Crime and punishment

by Adam Banks on May 13, 2010

Adam Banks

Adam Banks

The government seeks to protect copyright by coming down hard on infringers, but surely a more flexible approach would be better for everyone…

Nobody was shocked when the Secretary of State for Business announced three strikes. There could be a lot more than that by the end of the winter. As it turned out, though, he wasn’t talking about industrial action: Lord Mandelson was resurrecting the proposal to cut off your access to the Internet if you’re accused of infringing copyright.
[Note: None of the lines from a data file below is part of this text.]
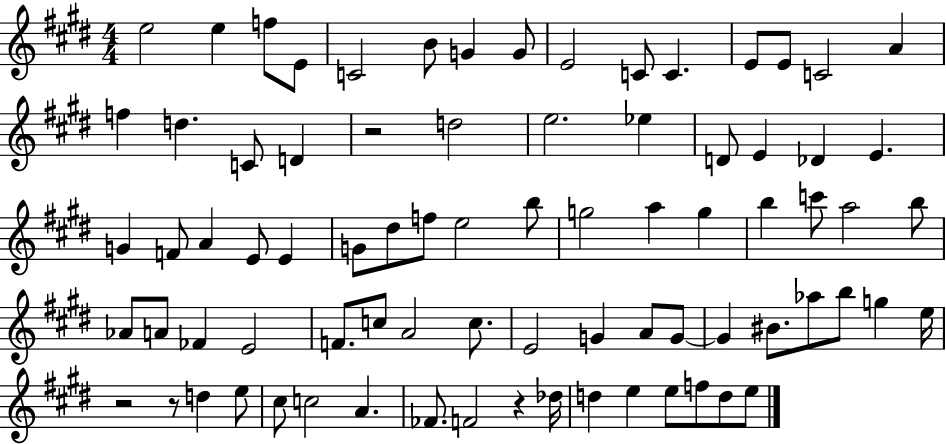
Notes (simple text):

E5/h E5/q F5/e E4/e C4/h B4/e G4/q G4/e E4/h C4/e C4/q. E4/e E4/e C4/h A4/q F5/q D5/q. C4/e D4/q R/h D5/h E5/h. Eb5/q D4/e E4/q Db4/q E4/q. G4/q F4/e A4/q E4/e E4/q G4/e D#5/e F5/e E5/h B5/e G5/h A5/q G5/q B5/q C6/e A5/h B5/e Ab4/e A4/e FES4/q E4/h F4/e. C5/e A4/h C5/e. E4/h G4/q A4/e G4/e G4/q BIS4/e. Ab5/e B5/e G5/q E5/s R/h R/e D5/q E5/e C#5/e C5/h A4/q. FES4/e. F4/h R/q Db5/s D5/q E5/q E5/e F5/e D5/e E5/e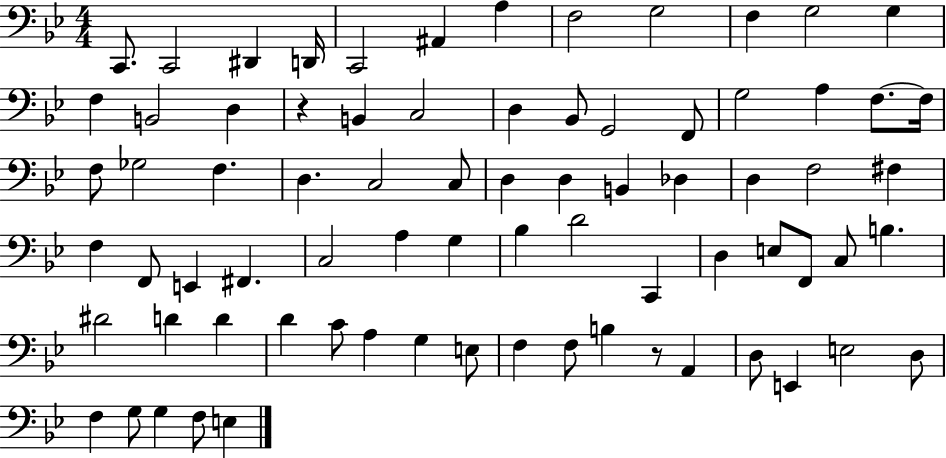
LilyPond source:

{
  \clef bass
  \numericTimeSignature
  \time 4/4
  \key bes \major
  c,8. c,2 dis,4 d,16 | c,2 ais,4 a4 | f2 g2 | f4 g2 g4 | \break f4 b,2 d4 | r4 b,4 c2 | d4 bes,8 g,2 f,8 | g2 a4 f8.~~ f16 | \break f8 ges2 f4. | d4. c2 c8 | d4 d4 b,4 des4 | d4 f2 fis4 | \break f4 f,8 e,4 fis,4. | c2 a4 g4 | bes4 d'2 c,4 | d4 e8 f,8 c8 b4. | \break dis'2 d'4 d'4 | d'4 c'8 a4 g4 e8 | f4 f8 b4 r8 a,4 | d8 e,4 e2 d8 | \break f4 g8 g4 f8 e4 | \bar "|."
}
Like privatising the Royal Mail, he probably doesn’t see why this is controversial.

As befits his multi-portfolio portfolio, the First Secretary was speaking at a conference organised by the Department for Culture, Media and Sport, the ministry set up to strengthen the bond between the conceptual art and yngling industries. The DCMS project that hosted the event is called – brace yourself for some post-modern Media Studies typographic shenanigans here – ‘c&binet’. See what they did there? Yes, they made up something that sounded cool in a meeting.

It’s supposed to stand for creativity, business and, er, the interwebs or something. Among the policy conundrums officially assigned to this awkwardly defined talking shop is the supply-side poser, ‘What can be done to create opportunities for the next generation of creative talent?’ We can’t have all that creative talent sitting around on its arse, after all. With a college on every corner doing arts diplomas that nobody fails, it had better have some opportunities to go to.

If job creation is the kind of creativity they had in mind, they’ve made a start with ‘ambassador’ roles for 26 of the industry’s great and good. You can guess the names: Cond?© Nast’s Nicholas Coleridge, Microsoft’s J Allard, Random House boss Gail Rebuck, Honorary Professor of Media Studies Phil Redmond… As a panel, it has the proper quangocratic mix of the clever and the posh. Maybe they should have called it c&pboard.

Aside from handing out the Ferrero Rocher, these luminaries were tasked (I just have a feeling they used the word ‘tasked’) with ‘shaping the c&binet agenda’. And the result? A conference that produces one solitary national news headline, and it’s nothing to do with creativity, but Dr Spin’s relaunch of an already discredited policy that’s about as popular with your Guardian-reading creative professional as section 28. Way to demonstrate your media skills.

Emboldened by the European Parliament cave-in that had allowed Nicolas Sarkozy, on the second attempt, to shrug his three strikes law through a reluctant French National Assembly, Mandelson insisted that direct action against infringers (aka you and me) was the only way to ‘have sustainable creative industries’, but promised that ISPs wouldn’t be ‘unfairly burdened’.

Why should they be burdened at all? ISPs don’t profit from file sharing. When not caning BitTorrent, their customers spend the rest of the day on Facebook. They’d be paying for a connection either way, and stressing the network less if they skipped the audio-visual freebies. What makes it all the more ironic is that copyright owners are now desperate to promote legal downloading. Via what, pigeon post? Asking ISPs to ‘give something back’ by sharing the cost of harassing their own users is like funding an anti-litter campaign by taxing the makers of dustbins.

Some have suggested that Lord Mandleson’s deeply principled support for attack-dog copyright enforcement dates from August, when he and David Geffen, the billionaire content mogul, shared the hospitality of Nat Rothschild, who was investigated last year for illegally contributing to John McCain’s campaign against Barack Obama. Even The Daily Mail, despite the lack of an asylum-seeker angle, couldn’t help noting that the President of the Board of Trade returned from his trip expressing views that would traditionally be associated less with populist centre-left administrations and more with, well, David Geffen.

In fact, however, he’s held those views for years. Hauling the little guy over the coals for failing to pay the big guy hardly sounds like a vote winner, but worrying about votes is so Old Labour. What really matters is influence, and you get that from the big guy.

If Mandelson wasn’t exactly bottled off the podium, that may reflect the fact that almost every c&binet ambassador represents a content owner, and none represent consumers. Still, the conference saw some lively and open debate on copyright among those less clingy to the status quo. Truly creative people, as opposed to those who live off them, are not natural supporters of the oppressive enforcement of negative rights. Nor, if polls are to be believed, are the British public – and that must still count for something. What both they and their creative industries need now is not rigid legislation but flexible thinking.